Por mais que Cristo estivesse entre pecadores [e todo o mundo era-o, como é], e por mais que se repita que ele ama o pecador, não podemos associá-lo ao pecado ou a contemporizar com o pecado.  Como Deus e Santo, essa comunhão é impossível. Assim como o é entre luz e trevas. Então, por que estamos mais dispostos à escuridão, em mantê-la, do que em dissipá-la? Porque, como um sedentário que se prepara para uma maratona, e os exercícios lhe causam dores terríveis pelo corpo, a verdade dói, e nos causa muitas dores. Mas à medida que a conhecemos, nos tornamos familiares dela, as dores vão passando, e como o homem já preparado para correr quilômetros não sentimos o esforço, nem o cansaço. Prosseguindo para o alvo, esquecemos das coisas que ficaram para trás, e avançamos para as que estão diante de nós, em busca do prêmio: chegar à perfeição e à medida da estatura completa de Cristo [Fp 3.13-14, Ef 4.13].

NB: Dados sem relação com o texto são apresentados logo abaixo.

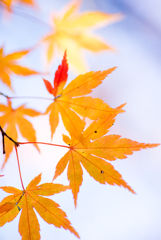 紅葉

Para andar naquilo em que já chegamos, segundo a regra de que “o mundo está crucificado para mim e eu para o mundo” [Gl 6.14].

Ao invés de blinda-lo. 

Notas: [1] O capim-elefante é uma gramínea perene (Penisetum purpureum) natural da África e introduzida no Brasil por volta dos anos 1920.
[2] Existe no momento uma cruzada entre os cristãos, em que aqueles que acusam os que acusam sentem-se privilegiados ao acusar, e estabelecem limites que também são estabelecidos pelos outros, numa luta estúpida e nada cristã, como se estivessem disputando um cabo de guerra imaginário onde o que vale é uma verdade pessoal e transferível. Ao se opor ao dogmatismo e ao sectarismo, acusando fulano e beltrano com termos e expressões pouco recomendáveis até mesmo para um ímpio, eles se tornam tão o mais dogmáticos e sectários que seus opositores. Ao acusar o exclusivismo e defender um inclusivismo, o inclusivismo deles é mais exclusivista do que o dos seus oponentes. Ao defender que até mesmo o tolo pode ser usado por Deus para realizar a sua obra, mas o seu oponente não, ele contradiz a si mesmo. Ao tentar se fazer diferente, se iguala na mesmice que acusa haver apenas nos outros. Por isso, não adianta ir apenas à Bíblia para buscar comprovação do que se crê, mas deve-se buscá-la para, sobretudo, ter a mente transformada e guiada pelo próprio Espírito de Deus.
[3] Ainda não falei do Estado propriamente dito, e espero fazê-lo, mais cedo ou tarde, se Deus quiser.